The Mississippi Braves’ opening day lineup at Pensacola on Friday featured a blend of old and new and speed and power, with three Top 30 prospects — Nacho Alvarez, Drake Baldwin and Geraldo Quintaro — in the top six in the order.
The M-Braves, beginning their farewell season, faced Blue Wahoos right-hander Evan Fitterer, a Miami Marlins prospect in his fifth pro season.
Ian Mejia, second-year pro out of New Mexico State, got the starting nod from M-Braves manager Angel Flores. He went 4-11 with a 4.69 ERA at High-Class A Rome last year.

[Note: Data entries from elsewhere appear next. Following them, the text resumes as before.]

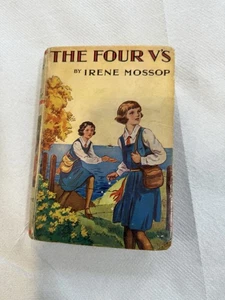 DIE VIER V'S von Irene Mossop Buch enthält etwas Schrift Käufer erhält wie gesehen - Bild 1 von 10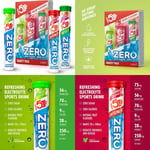 HIGH5 Zero Electrolyte Hydration Tablets Added Vitamin C 20 Count (Pack of 3) 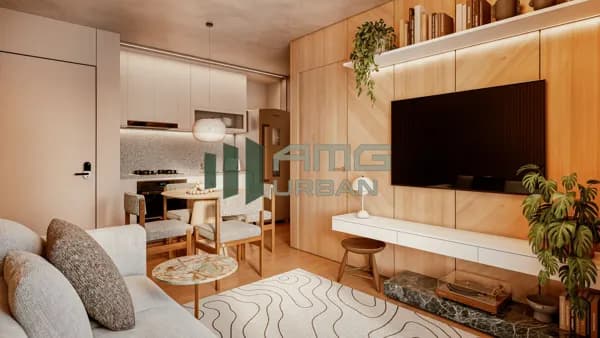 Apartamento 1 Quarto Alto Padrão em Centro, Curitiba/PR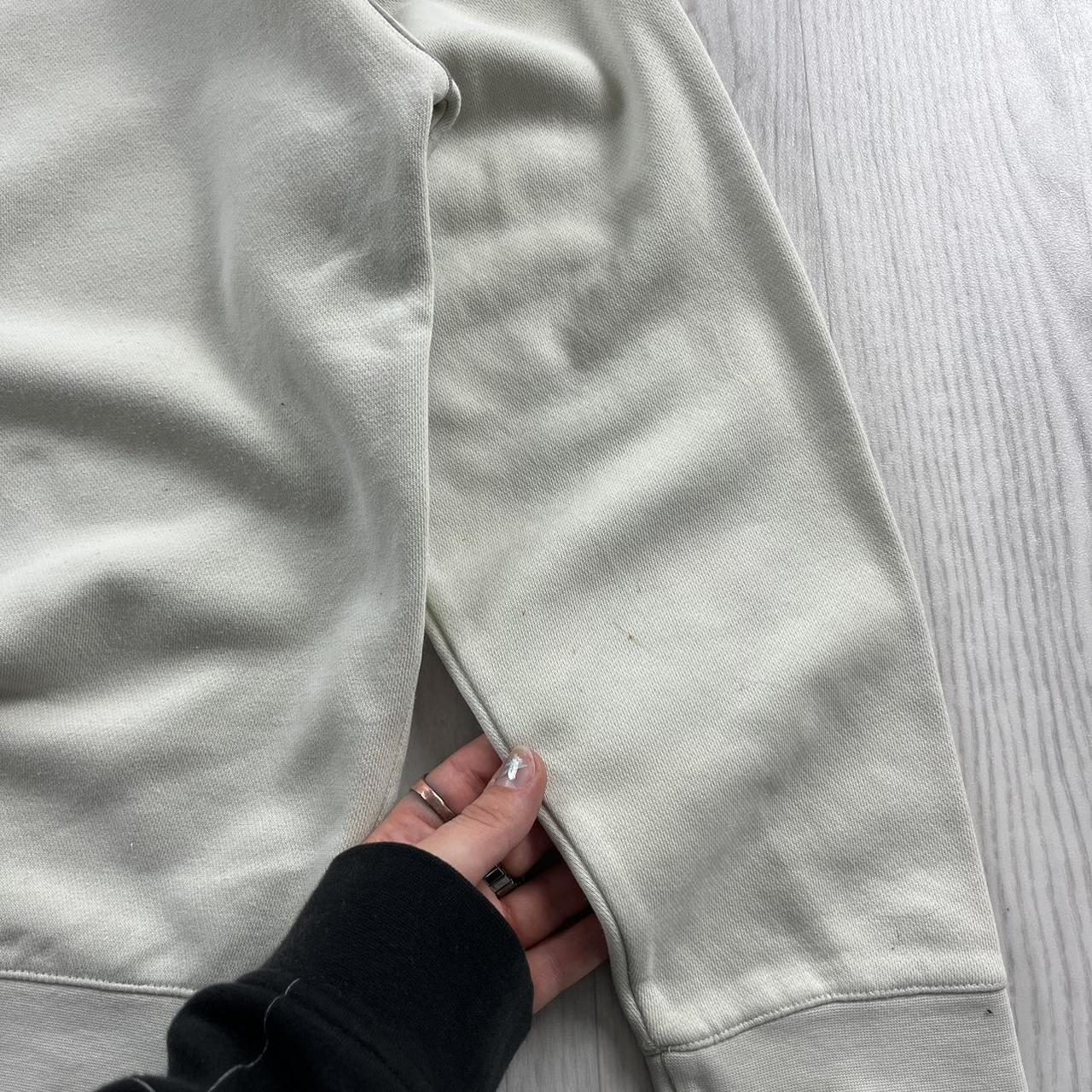 VINTAGE Y2K NIKE SPELL OUT SWEATSHIRT CREAM (S)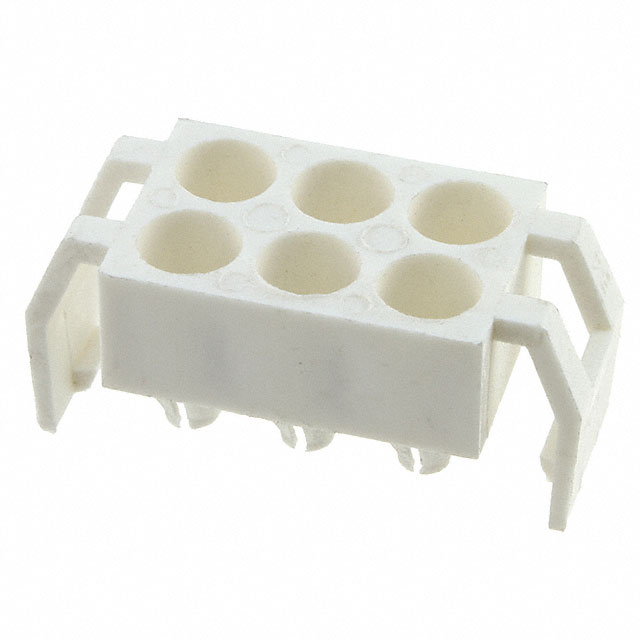 TE Connectivity AMP Connectors 643253-1 electronic component product image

Ex-Southern Miss star Hurston Waldrep, Atlanta’s No. 2 prospect (MLB Pipeline), is expected to start Sunday’s series finale.

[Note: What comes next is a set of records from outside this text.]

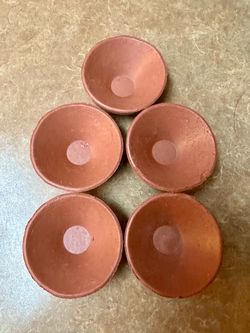 Traditional Clay Diya / Oil Lamps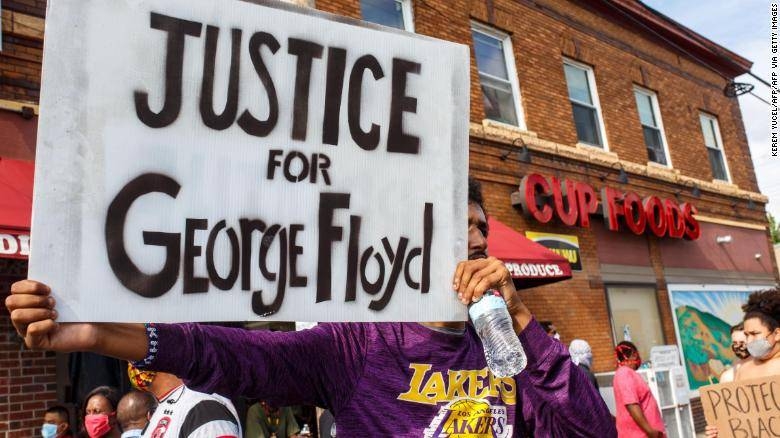 A police officer, Derek's arrest came after a third night of arson, looting and vandalism gripped the city as protesters vented rage over Floyd's death. — Courtesy photo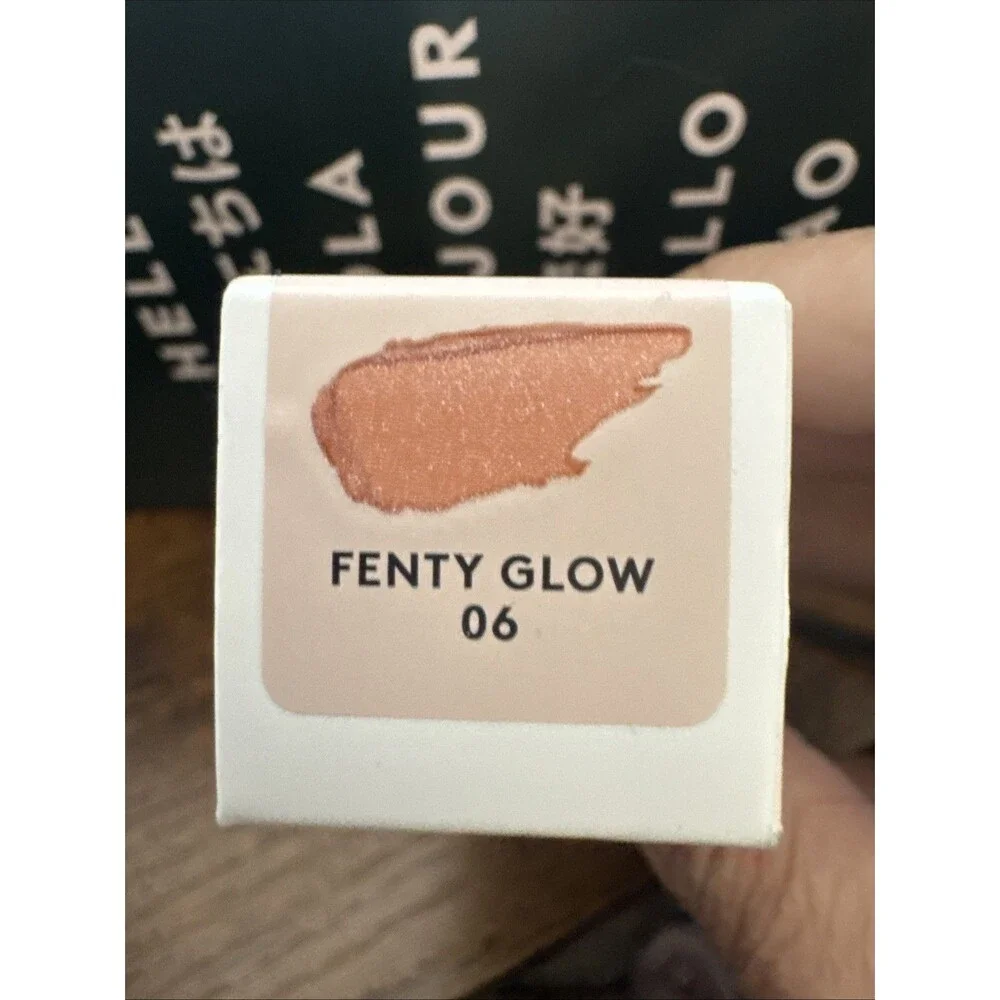 FENTY BEAUTY BY RIHANNA GLOSS BOMB LUMINIZING LIP OIL N GLOSS  06 FENTY GLOW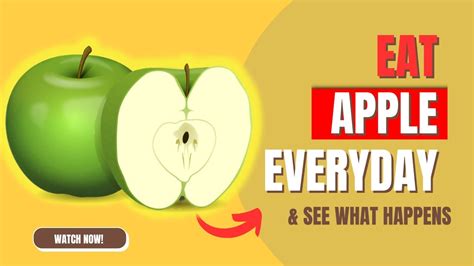 What Happens When You Eat Apple Everyday Vitamin Delight Youtube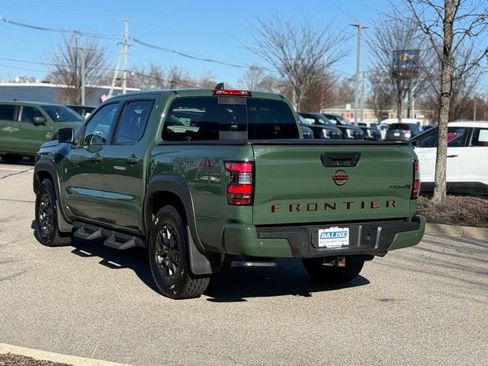 Used 2023 Nissan Frontier PRO-4X w/ Pro-4X Premium Package image 7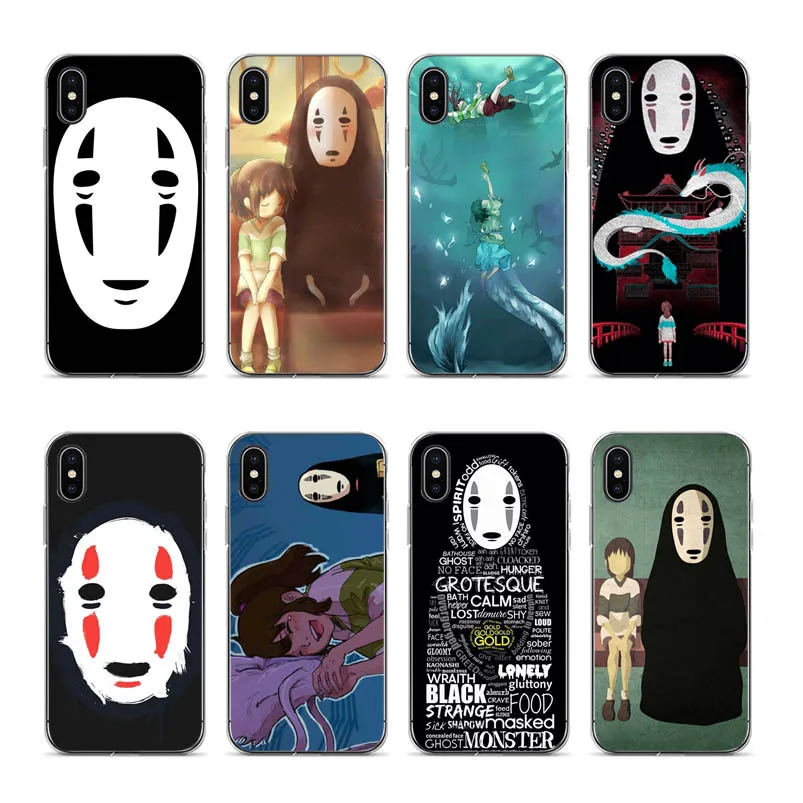 Чехол Spirited Away для iPhone 8 7 6 6S Plus X XS XR XSmax 7plus 8plus|Бамперы| |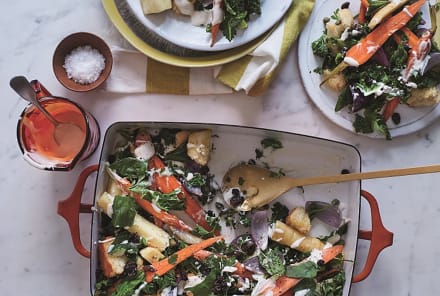 Get Cozy With This Warm Vegan Salad Packed With Winter Roots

The leadoff batter Friday was M-Braves returnee Cody Milligan, who was injured for a chunk of time but hit .280 and stole 23 bases in 69 games.
In the 2-hole was Alvarez, the No. 6 prospect, a 20-year-old shortstop whom Baseball America rates as the best overall hitter in the Atlanta system. At Rome last season, he hit .284 with seven homers, 66 RBIs and 16 steals.
Hitting third was Baldwin, rated No. 11 in the system, a power-hitting prospect who mashed 16 homers at three levels in 2023. A lefty-batting catcher, he played 14 games (.321, one homer) for the M-Braves late last season before finishing in Triple-A.
Keshawn Ogans, up from Rome, was in the cleanup spot and playing third base. The Cal-Berkley product, 5 feet 8, 180 pounds, hit .266 with nine homers at Rome and .299 in the Arizona Fall League, where he made the Fall Stars Game.
Hitting fifth was first baseman Bryson Horne, who has 28 homers over his three pro seasons and finished his ’23 campaign with the M-Braves, batting .299 in 23 games.
Quintaro, batting sixth and playing left field, is cut from the Ozzie Albies mold (5 feet 5, 155 pounds). The Braves’ No. 28 prospect, he stole 29 bases while batting .251 for Rome last year and has 96 career steals in three minor league years.
Returnee Tyler Tolve, a catcher, was the DH in the 7-spot. He hit .238 with seven homers for Mississippi in 2023. Rounding out the nine were second baseman Cal Conley (.219, 32 steals for the ’23 M-Braves) and right fielder Justin Dean, who has spent parts of the last three seasons with the M-Braves and has 151 career steals.
P.S. Batting ninth for the Blue Wahoos was former Mississippi State star Tanner Allen, the 2021 Ferriss Trophy winner and SEC player of the year who was drafted by the Marlins in the fourth round that summer. He hit .274 in 17 games for Pensacola, the third level he played at in 2023.